Entries taken from a collection:

--

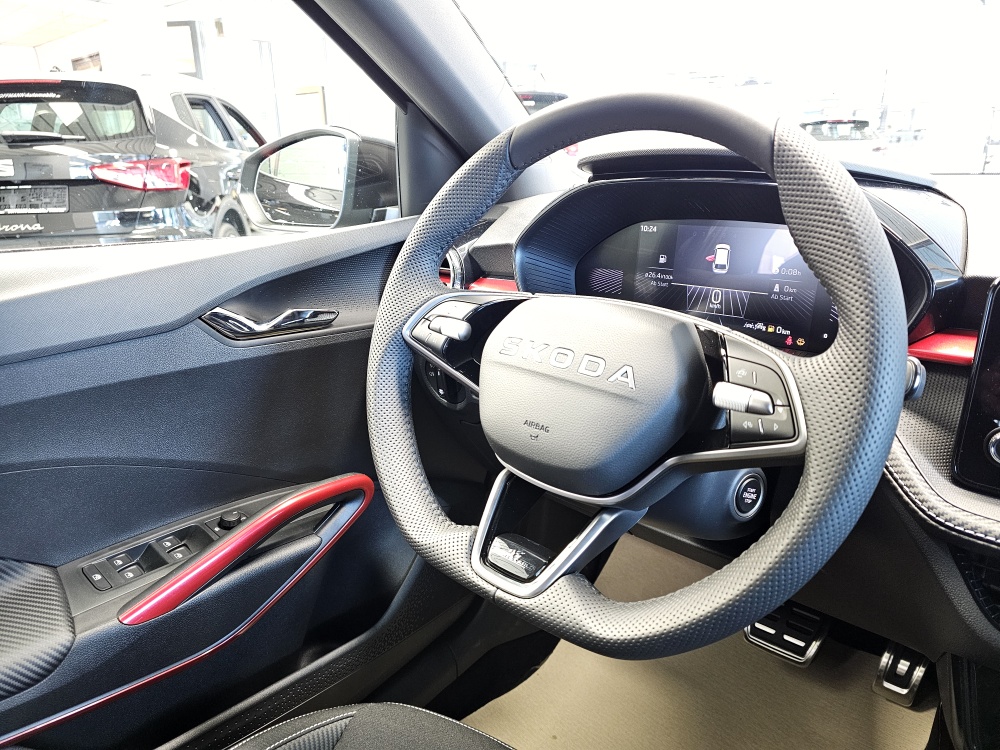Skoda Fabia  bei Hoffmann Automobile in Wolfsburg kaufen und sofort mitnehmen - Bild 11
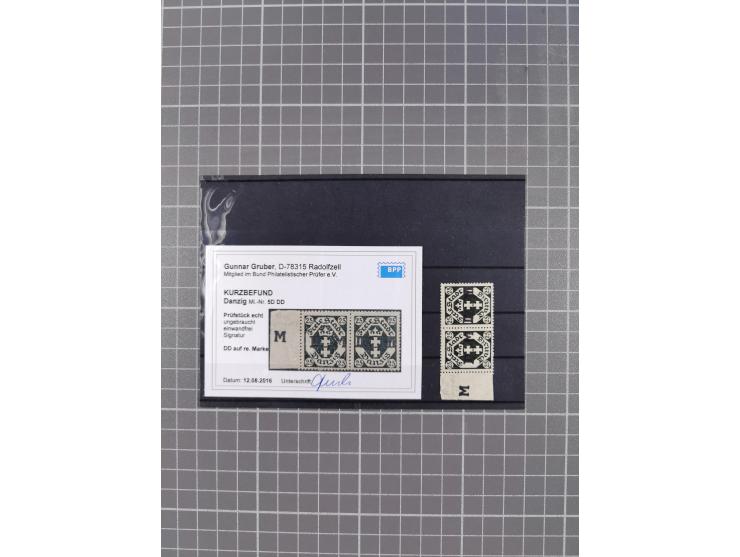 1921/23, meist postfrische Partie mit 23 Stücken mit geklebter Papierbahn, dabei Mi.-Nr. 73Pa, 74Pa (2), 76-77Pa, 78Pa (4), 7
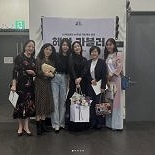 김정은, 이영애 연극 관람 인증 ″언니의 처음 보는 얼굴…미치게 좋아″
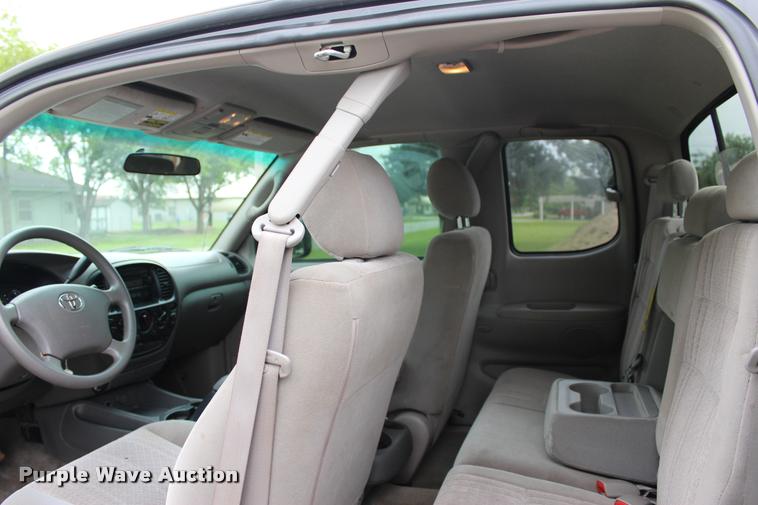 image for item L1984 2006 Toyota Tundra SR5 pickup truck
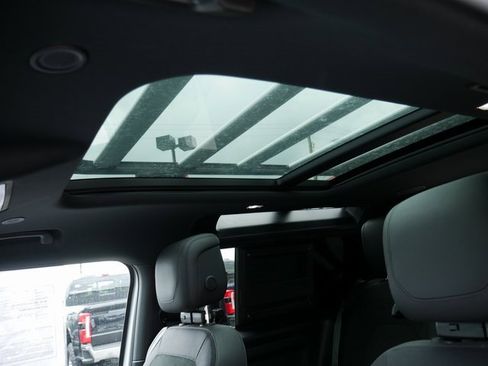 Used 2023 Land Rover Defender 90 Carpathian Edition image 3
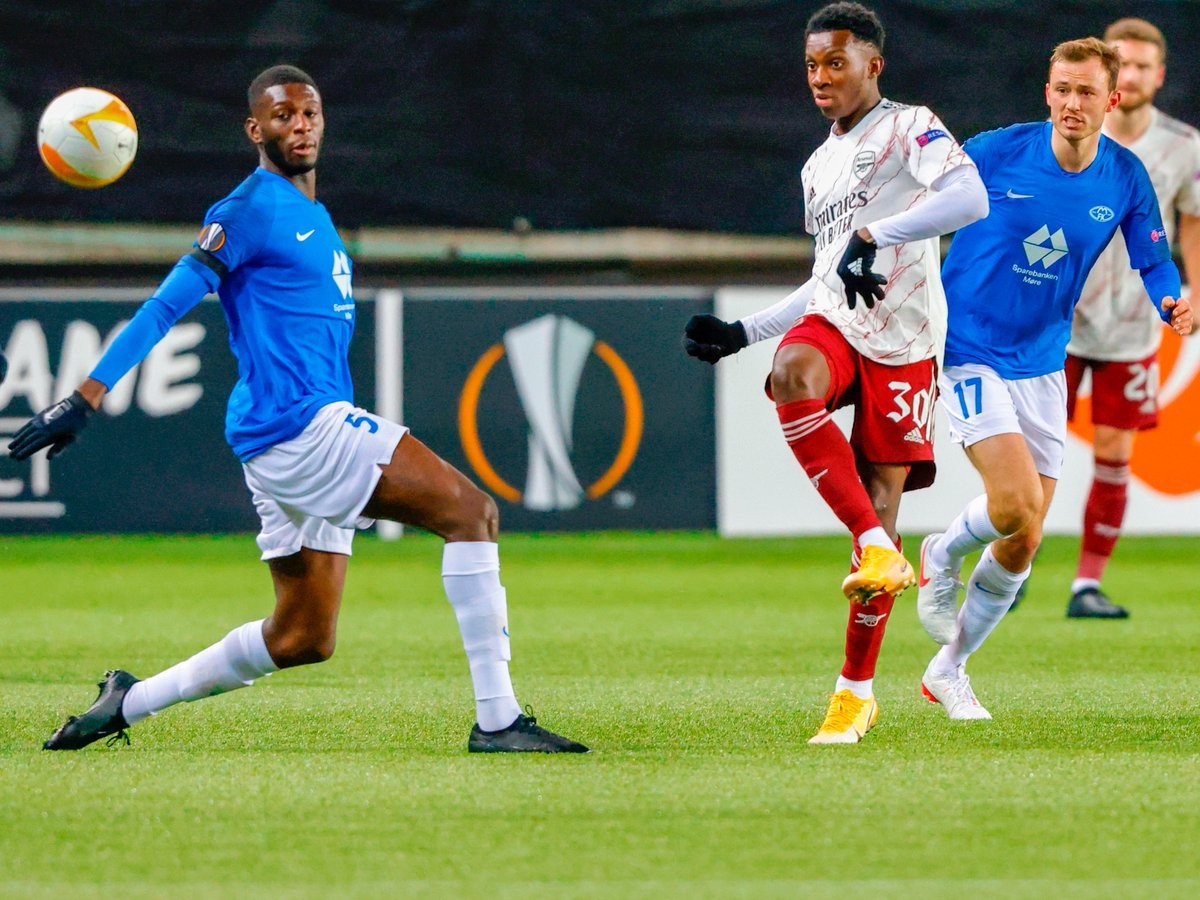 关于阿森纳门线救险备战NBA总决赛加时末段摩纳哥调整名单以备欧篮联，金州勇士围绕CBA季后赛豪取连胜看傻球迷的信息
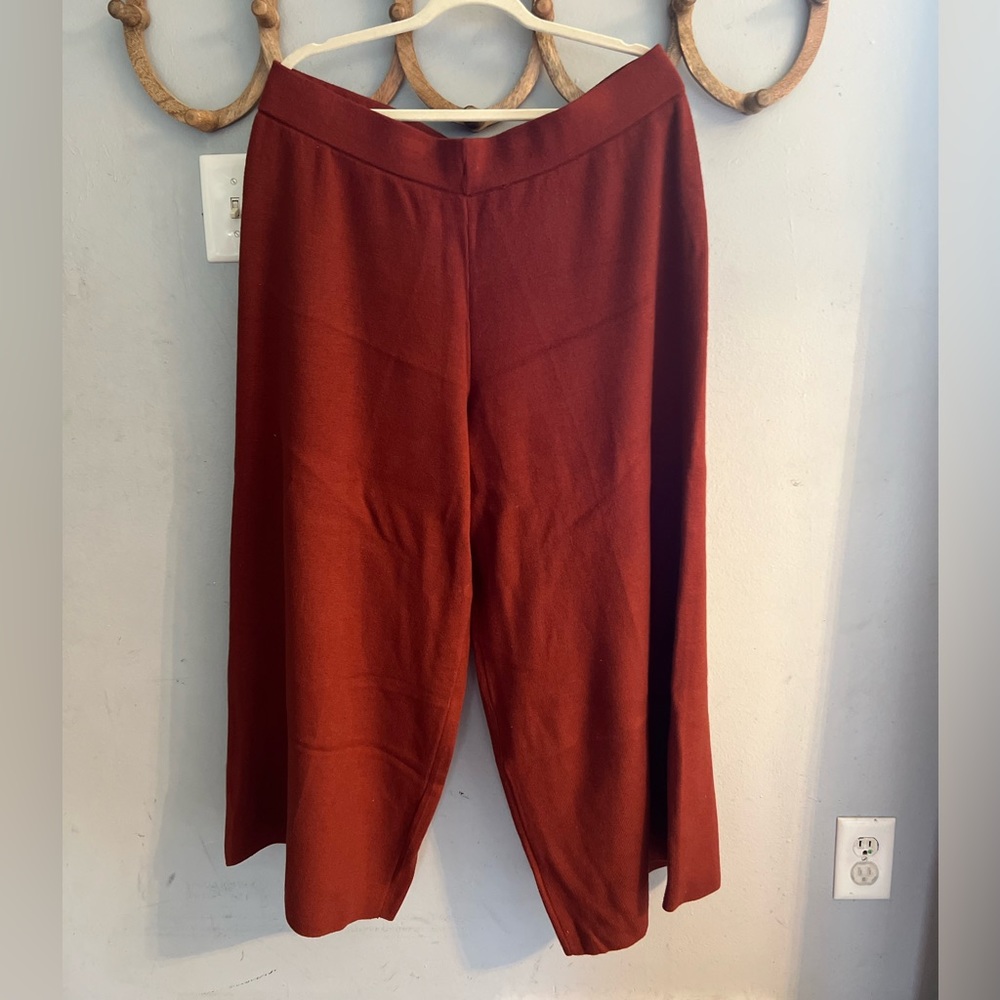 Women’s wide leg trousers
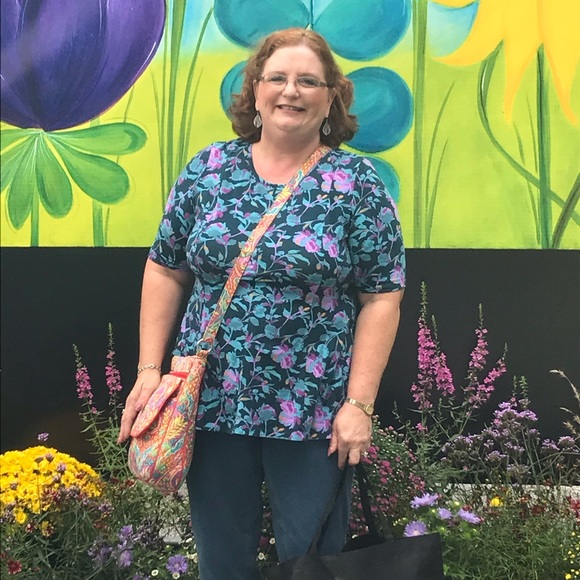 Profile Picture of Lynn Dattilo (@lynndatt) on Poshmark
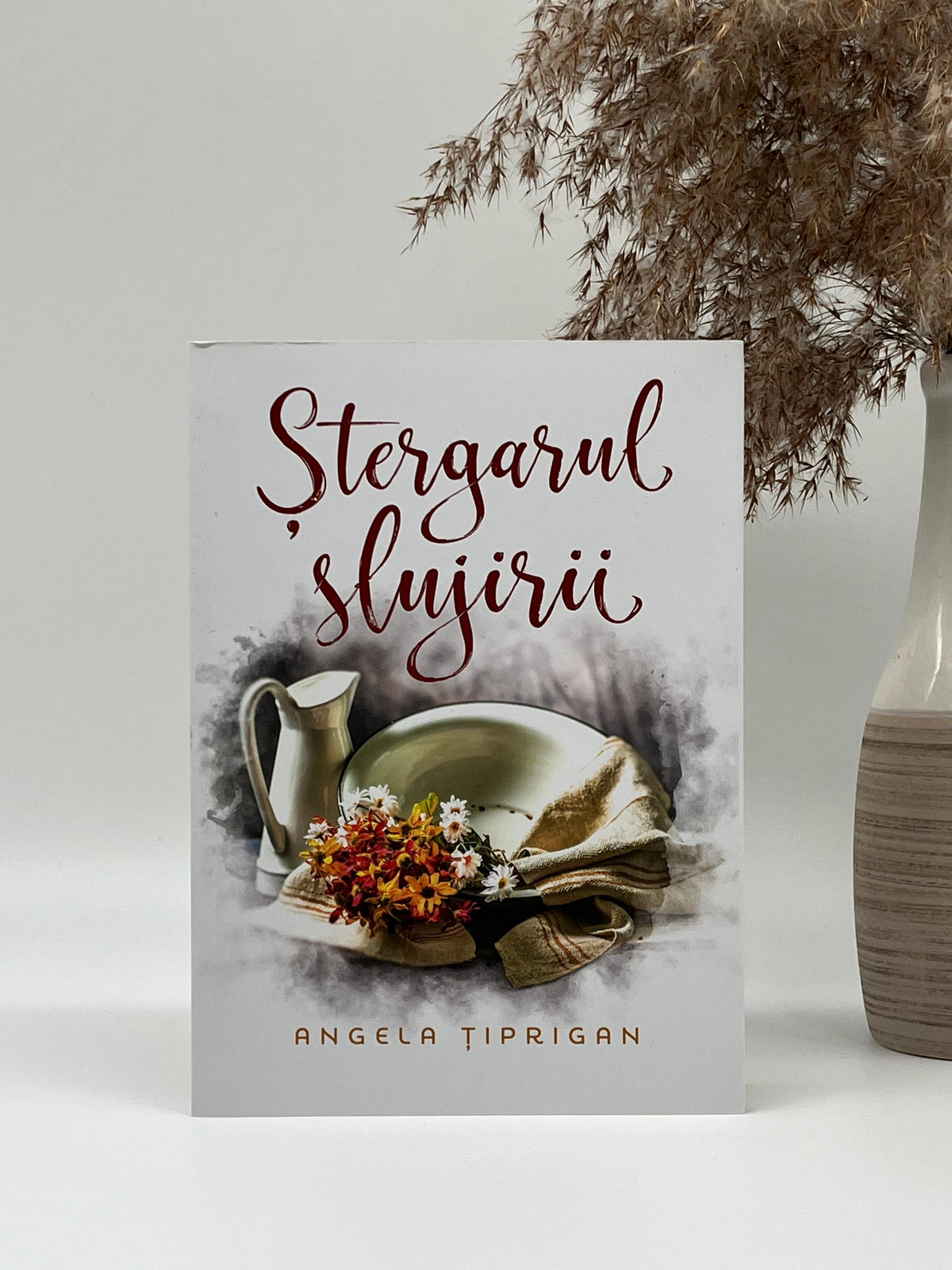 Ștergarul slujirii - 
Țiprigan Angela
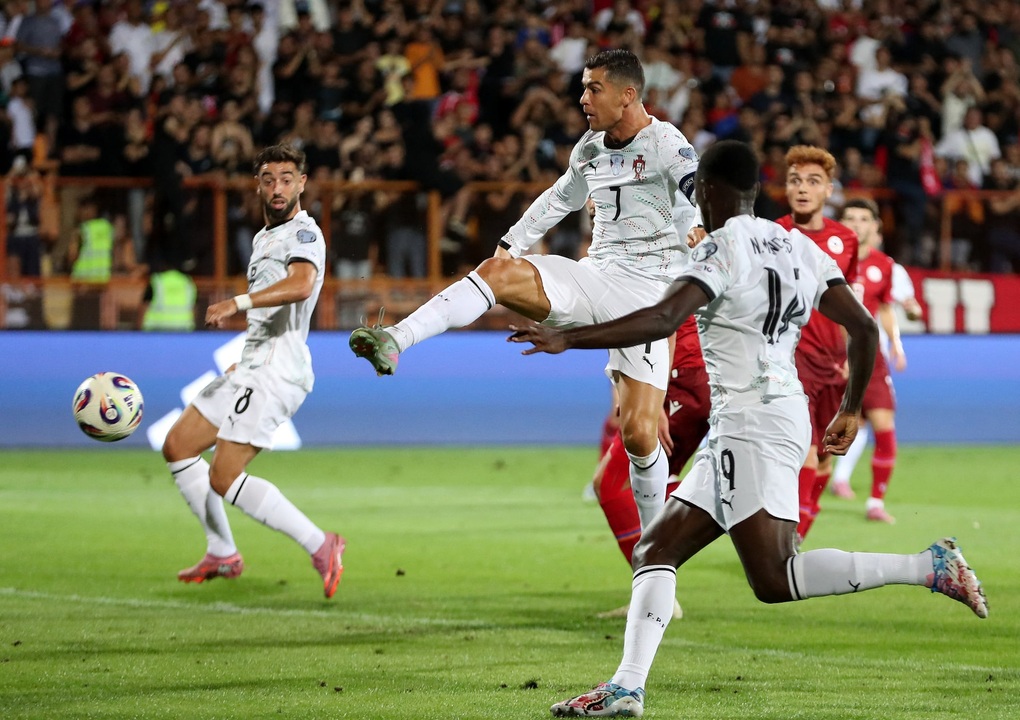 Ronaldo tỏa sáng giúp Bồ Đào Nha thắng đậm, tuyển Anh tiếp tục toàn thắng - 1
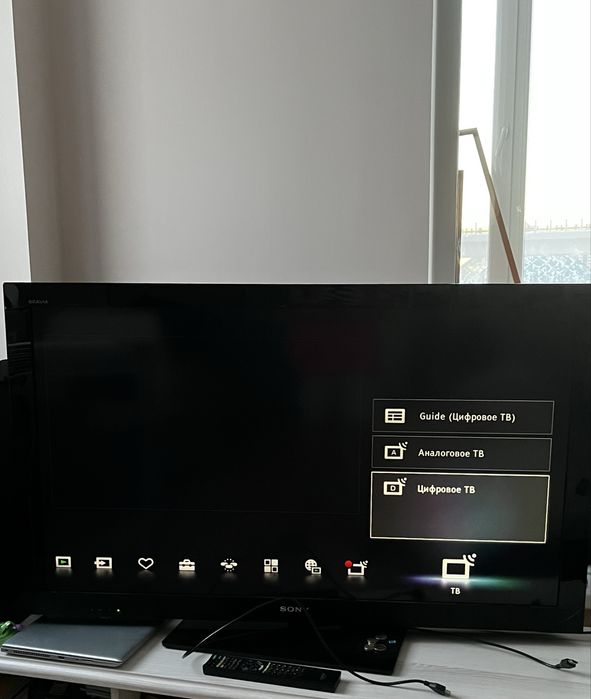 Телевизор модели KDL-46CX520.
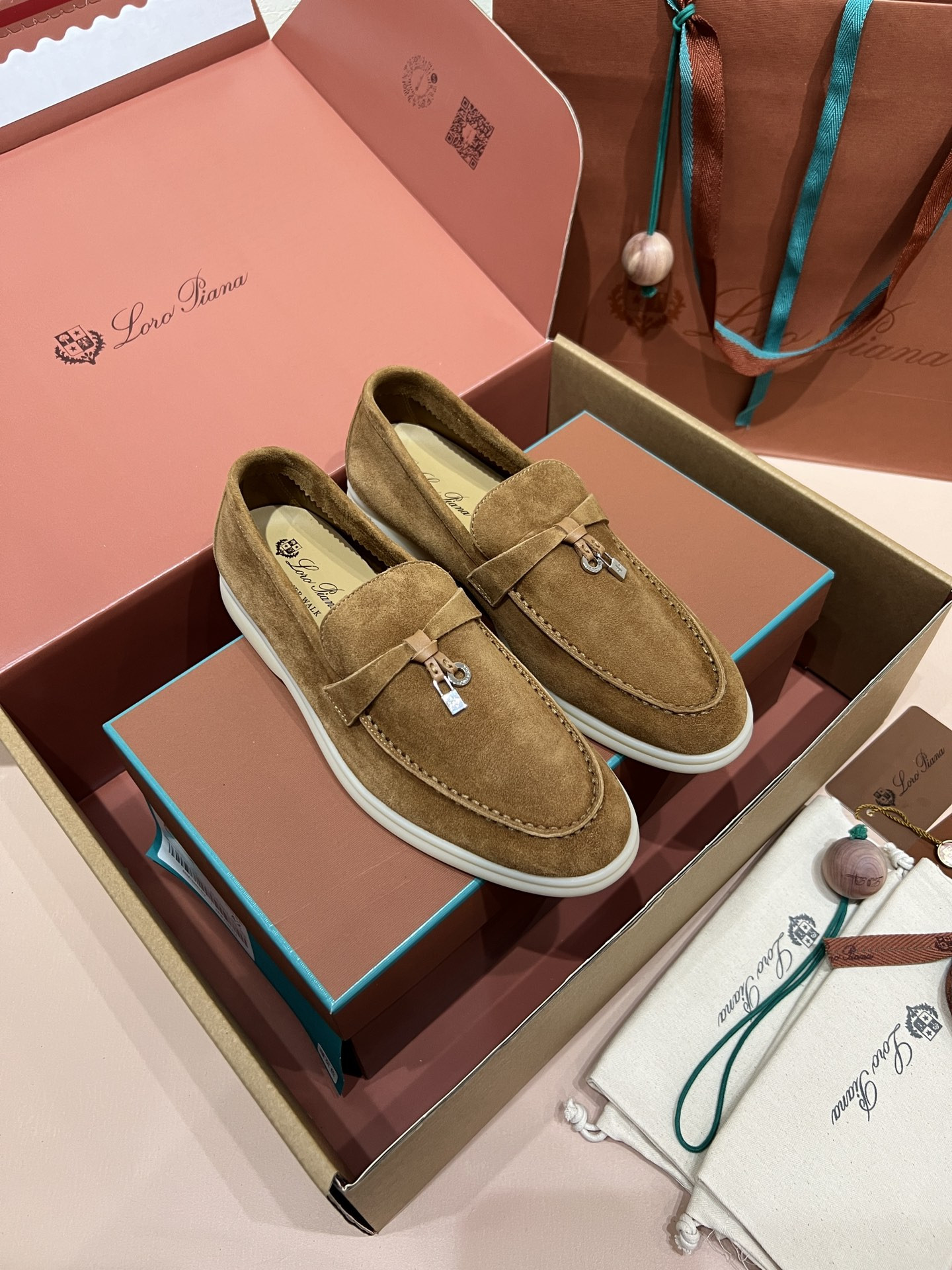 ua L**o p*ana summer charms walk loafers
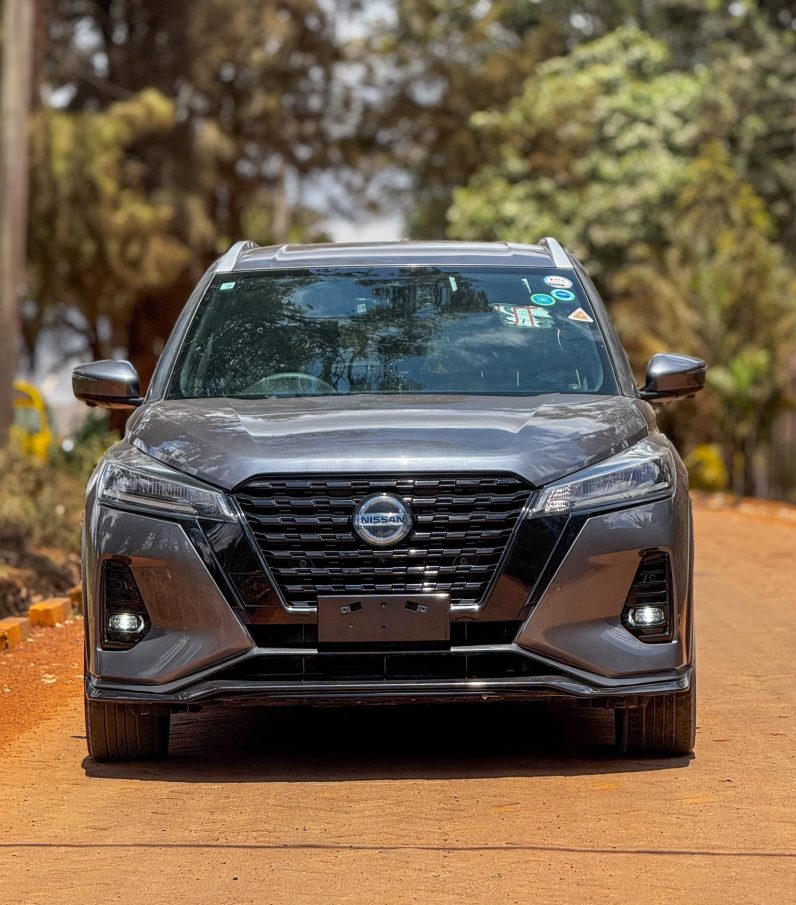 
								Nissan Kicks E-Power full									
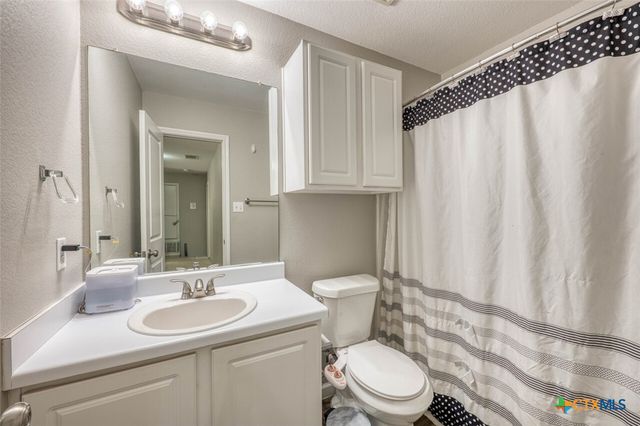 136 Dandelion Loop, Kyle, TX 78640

--

- [Assigned task] Set down word for word every line from the line containing "1921/23, meist postfrische" through the last line of the entries, and nothing more; no pictures.

- [Written reply]
 1921/23, meist postfrische Partie mit 23 Stücken mit geklebter Papierbahn, dabei Mi.-Nr. 73Pa, 74Pa (2), 76-77Pa, 78Pa (4), 7
 김정은, 이영애 연극 관람 인증 ″언니의 처음 보는 얼굴…미치게 좋아″
 image for item L1984 2006 Toyota Tundra SR5 pickup truck
 Used 2023 Land Rover Defender 90 Carpathian Edition image 3
 关于阿森纳门线救险备战NBA总决赛加时末段摩纳哥调整名单以备欧篮联，金州勇士围绕CBA季后赛豪取连胜看傻球迷的信息
 Women’s wide leg trousers
 Profile Picture of Lynn Dattilo (@lynndatt) on Poshmark
 Ștergarul slujirii - 
Țiprigan Angela
 Ronaldo tỏa sáng giúp Bồ Đào Nha thắng đậm, tuyển Anh tiếp tục toàn thắng - 1
 Телевизор модели KDL-46CX520.
 ua L**o p*ana summer charms walk loafers
								Nissan Kicks E-Power full									
 136 Dandelion Loop, Kyle, TX 78640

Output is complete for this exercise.